Work item ->
Your answer must be an exact copy of the records below, minus any images.

Data to process ->
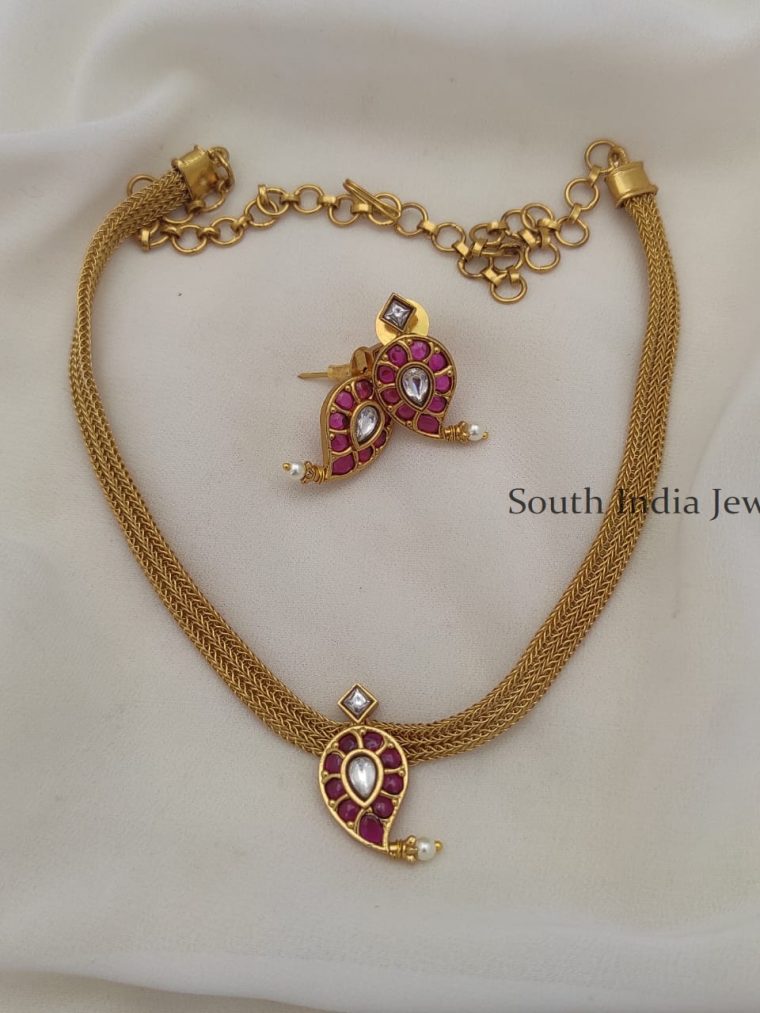 Wonderful Ruby White Attigai Necklace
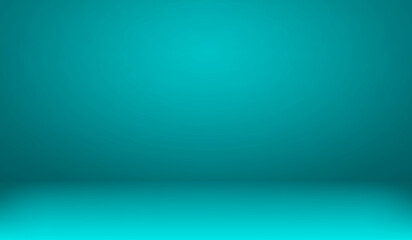 Green room background. Abstract empty studio. Horizontal bg. Light scene for product. Simple 3d backdrop. Gradient table. Minimal texture blank wall and floor. Skyline mockup. Vector illustration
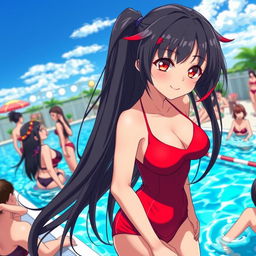 A captivating anime-style illustration of a woman with long, dark hair featuring red tips, striking red eyes, wearing a vibrant red swimsuit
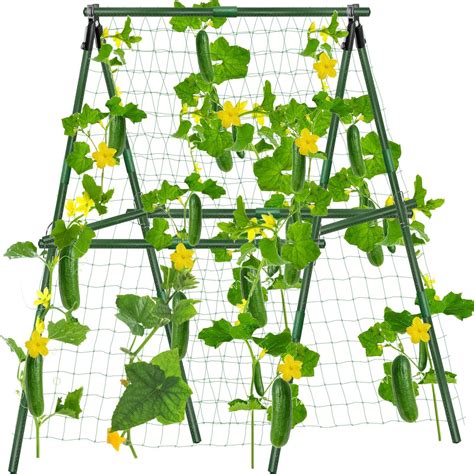 Toccyard 48”x 48”foldable Cucumber Trellis Set A Frame Garden Trellis For Climbing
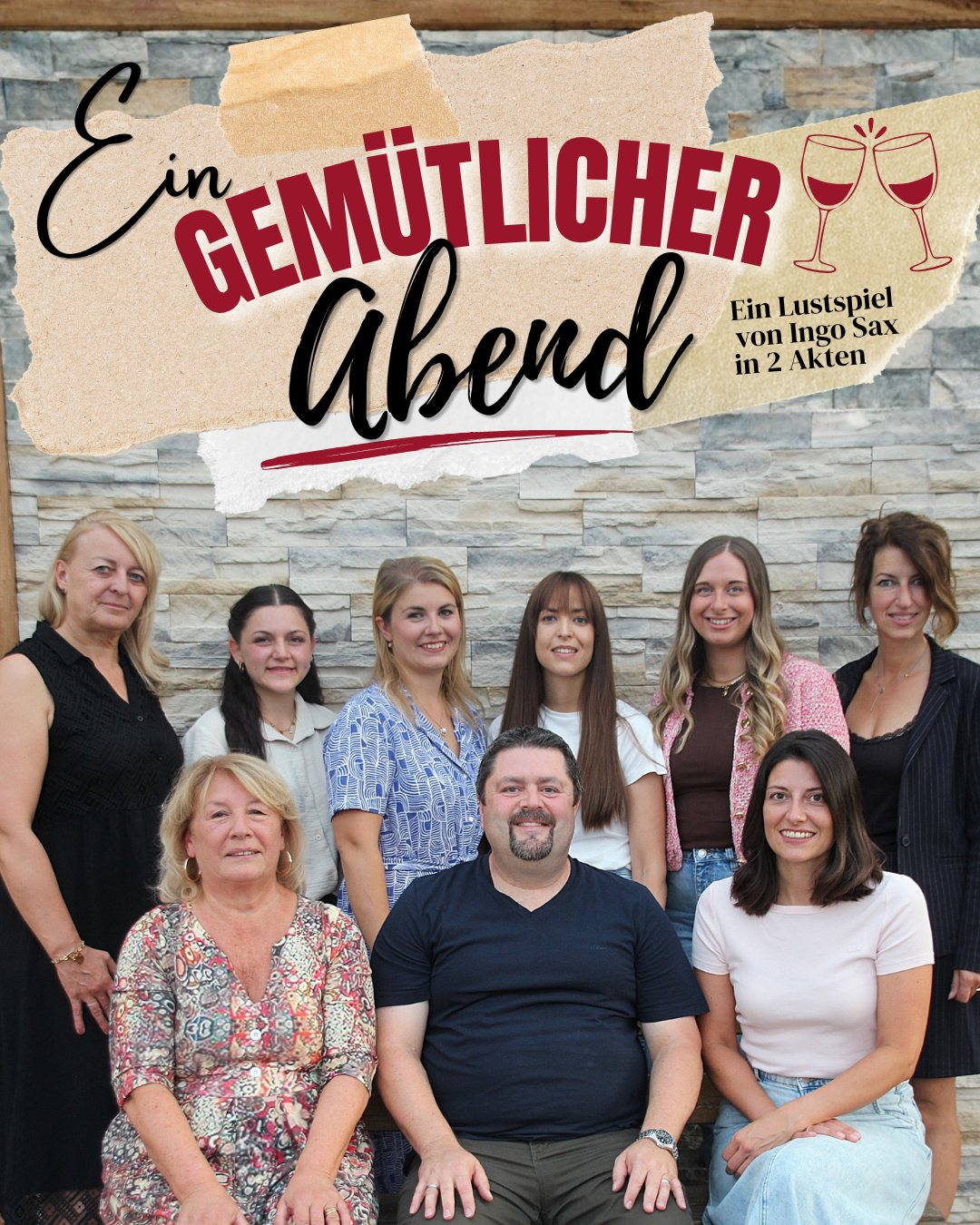 Plakat zum Stück „Ein gemütlicher Abend“, ein Lustspiel von Ingo Sax in 2 Akten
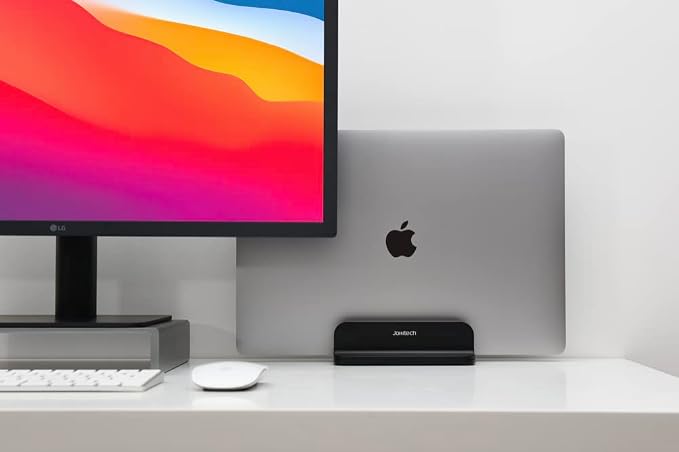 Aluminum Laptop Vertical Stand Organizer, Sturdy Laptop Computer Holder Desktop Stand Compatible with new Retina Apple MacBook Pro/Air/Neo, Mac mini & iPad Pro - Black - Image 7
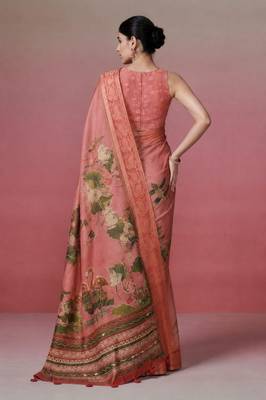 Rose pink color kanjivaram silk blend saree for fancy sophisticated saree 2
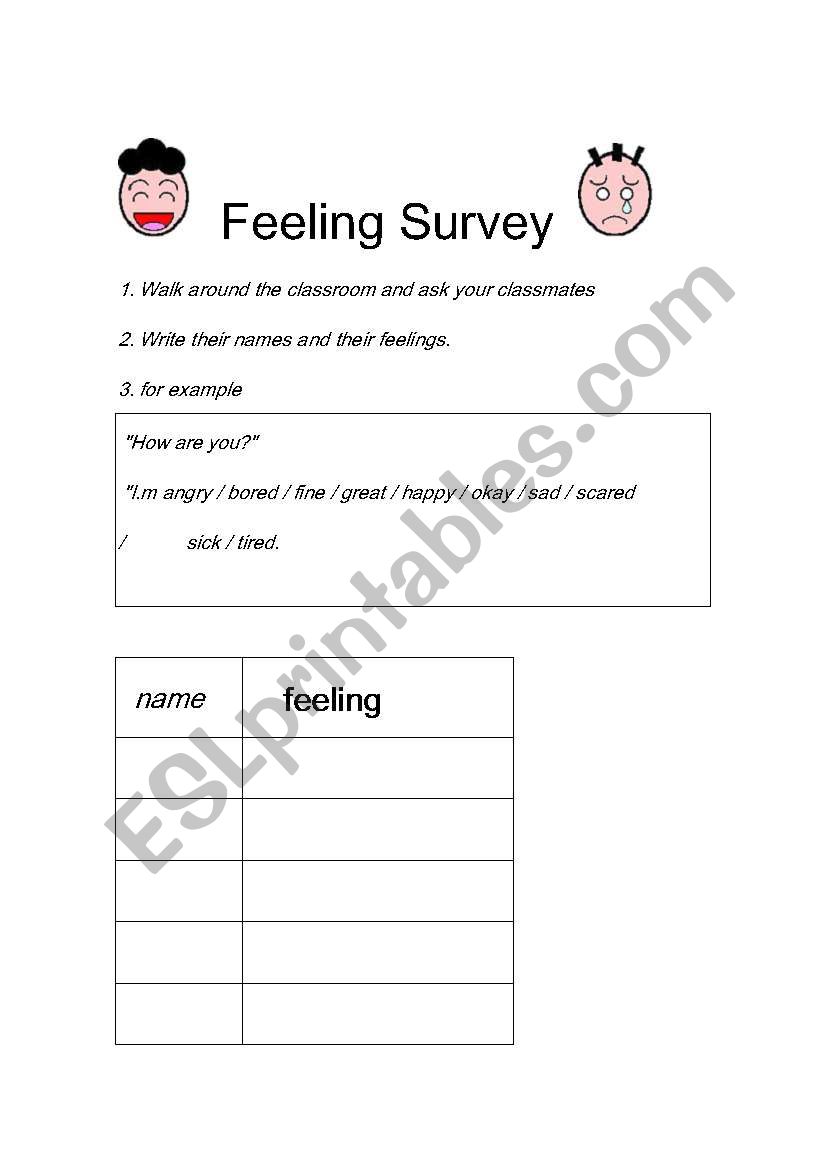feeling survey worksheet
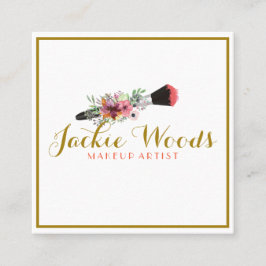 水彩画の花の名刺 スクエア名刺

Response for this exercise ->
 Wonderful Ruby White Attigai Necklace
 Green room background. Abstract empty studio. Horizontal bg. Light scene for product. Simple 3d backdrop. Gradient table. Minimal texture blank wall and floor. Skyline mockup. Vector illustration
 A captivating anime-style illustration of a woman with long, dark hair featuring red tips, striking red eyes, wearing a vibrant red swimsuit
 Toccyard 48”x 48”foldable Cucumber Trellis Set A Frame Garden Trellis For Climbing
 Plakat zum Stück „Ein gemütlicher Abend“, ein Lustspiel von Ingo Sax in 2 Akten
 Aluminum Laptop Vertical Stand Organizer, Sturdy Laptop Computer Holder Desktop Stand Compatible with new Retina Apple MacBook Pro/Air/Neo, Mac mini & iPad Pro - Black - Image 7
 Rose pink color kanjivaram silk blend saree for fancy sophisticated saree 2
feeling survey worksheet
 水彩画の花の名刺 スクエア名刺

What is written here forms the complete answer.